Comment by gdubs

2 days ago

Long way from the "Think Different" era Apple. Been thinking about that campaign this week. Posters of people like MLK, which Jobs had to get permission for from each and every estate for the campaign. When Apple was solidly, unambiguously positioned as the computer for the rebels, the misfits, the crazy ones.

If nothing else, there was an opportunity to simply say that given the day's events, a movie screening didn't feel right. Or – "hey there's a gigantic winter storm covering half the country, and I have a lot of logistical stuff to take care of."

> Long way from the "Think Different" era Apple. Been thinking about that campaign this week. Posters of people like MLK, which Jobs had to get permission for from each and every estate for the campaign. When Apple was solidly, unambiguously positioned as the computer for the rebels, the misfits, the crazy ones.

"Think Different" was an advertising slogan that Apple Computers, a publicly-traded corporation with thousands of employees, paid an advertising company to create in the late 90s in order to promote a certain image of the company, because the leadership at the time thought it would help them sell more computers. And it clearly worked (or at least didn't abjectly fail) because Apple Computers is still around today and is an even larger corporate entity with a much larger market cap.

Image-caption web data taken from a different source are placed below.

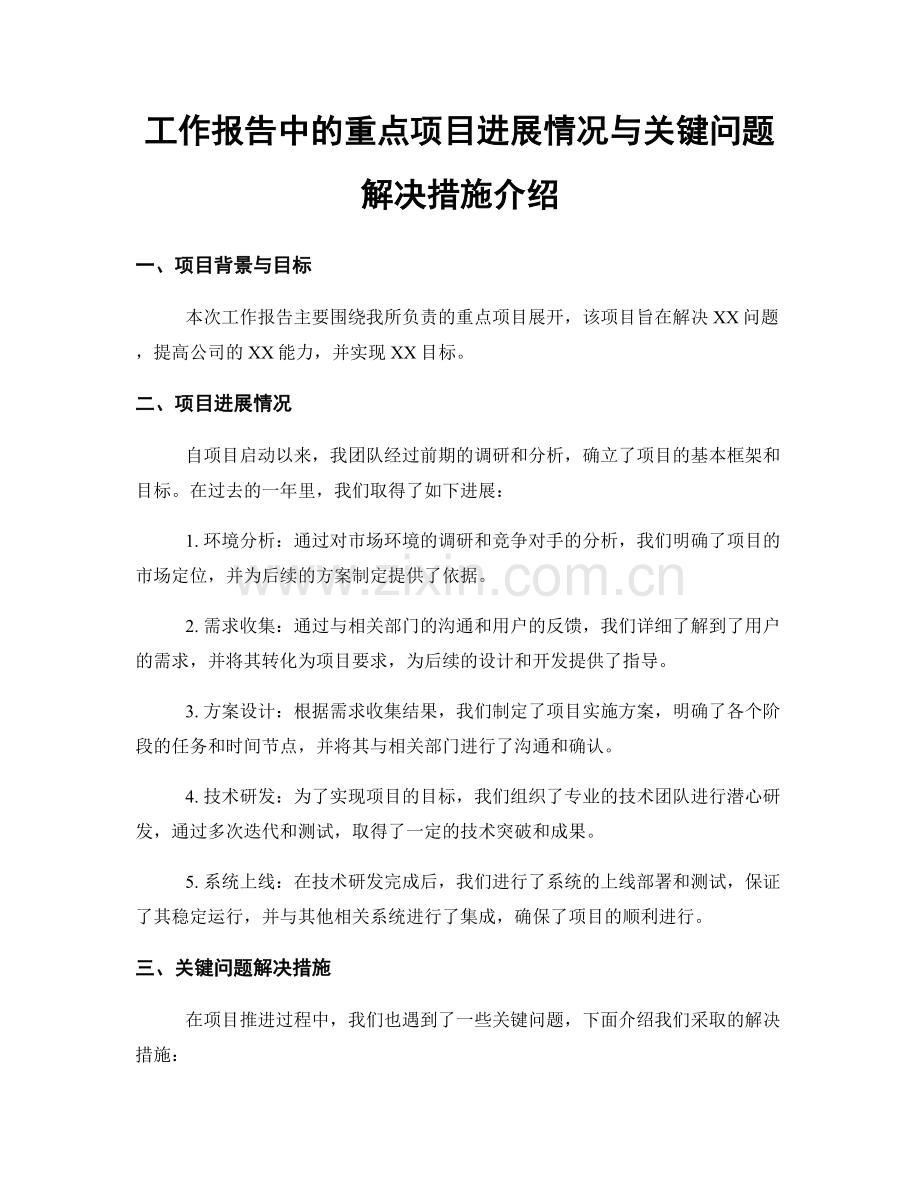 工作报告中的重点项目进展情况与关键问题解决措施介绍.docx_第1页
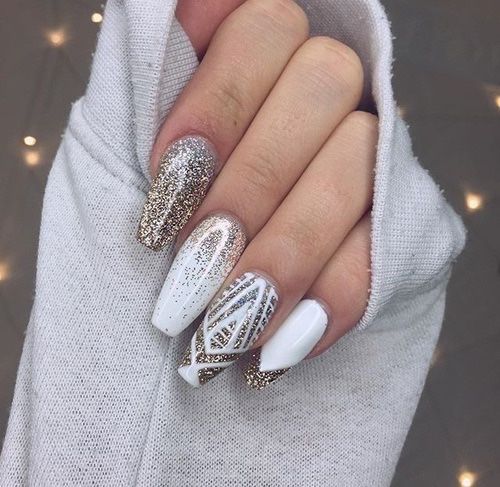 Long Gold and White Glitter Nails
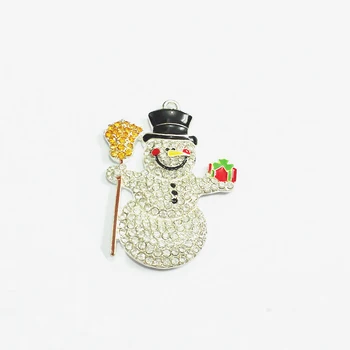 

Newest!! 45mm * 36mm 10pcs/lot Snowman With Broom Rhinestone Pendants For Christmas Necklace
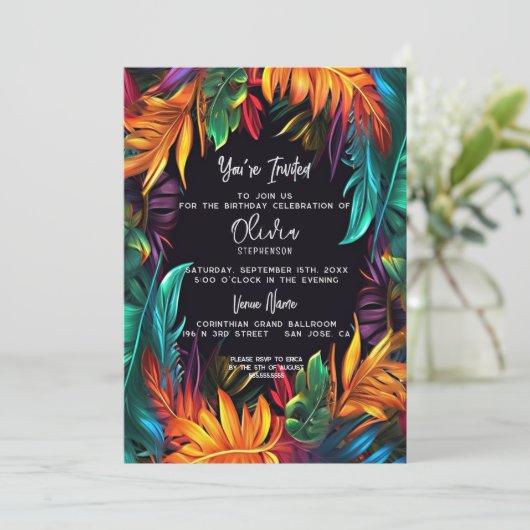 バースデー |ネオはっきりしたンの熱帯紅葉 招待状 (スタンド正面)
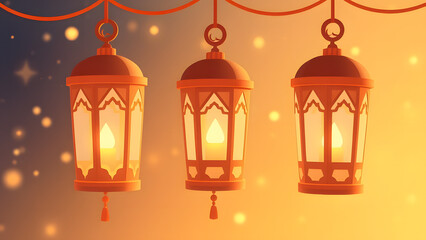 Obraz premium Ramadan Glow: Three ornate lanterns illuminate the night, casting a warm, inviting glow. Perfect for Ramadan, Eid, or any celebration of light and hope.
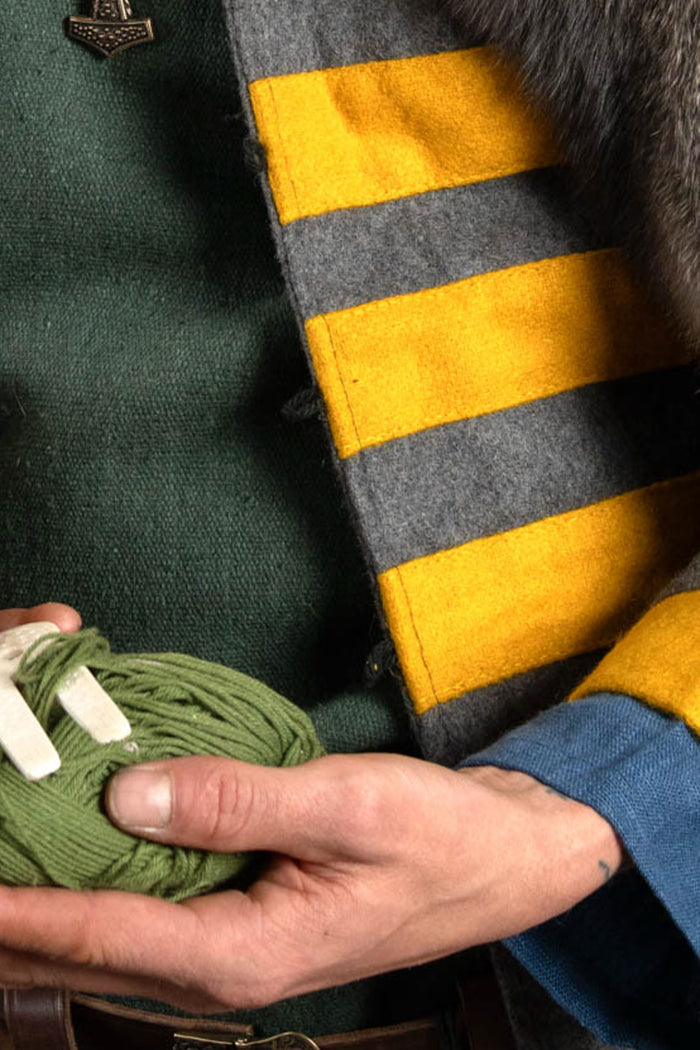 Rusvik vikingejakke Bartosz, gul/grå, uldmix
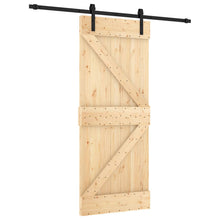 Schuifdeur Naturel en Zwart 85 x 210 cm Massief Grenenhout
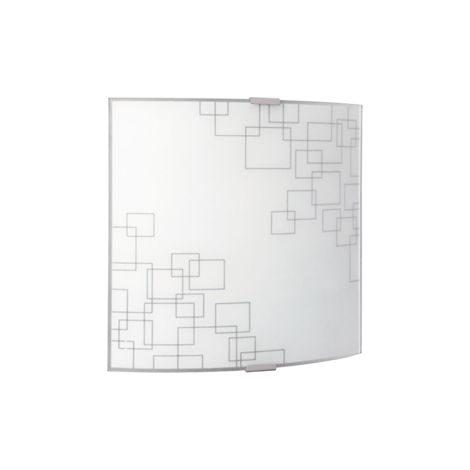 IVY  IVY  - Applique -  25 cm vetro bianco decoro quadrati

Whether a marketing campaign succeeds in appealing to you emotionally has nothing to do with whether rebels, misfits, crazy people, or any other category of person would be better off buying and using computer products made by Apple. I've personally never liked Apple products, I've always felt like they took a lot of practical control away from the end user in order to facilitate what Apple leadership thinks the end user _ought_ to want. So I avoid using their products, and I think other people should to, although I respect that the walled garden Apple provides is a computing product some people do find it useful to pay for.

Leadership at Apple computer was probably engaging in political activities some people at the time objected to when those ads were made, just as they are today.

I dunno. I also think about how Jobs swindled and mistreated Woz time after time, many of the nerds who cut their teeth on the Apple IIc were appalled by the road he took. By the time the Macintosh released, Apple had cemented themselves as a capricious OEM with no interest in serving every minority niche.

Actions like this feel fully contiguous with Jobs' personality, to me. He wasn't afraid to mistreat large swathes of customers, fans or employees if it meant that Apple could cosmetically pull ahead of it's competitors. He didn't feel obligated to fight fair or defend his moral righteousness, and neither does Cook. This is the exact same Apple you always knew, they've just quit virtue signalling.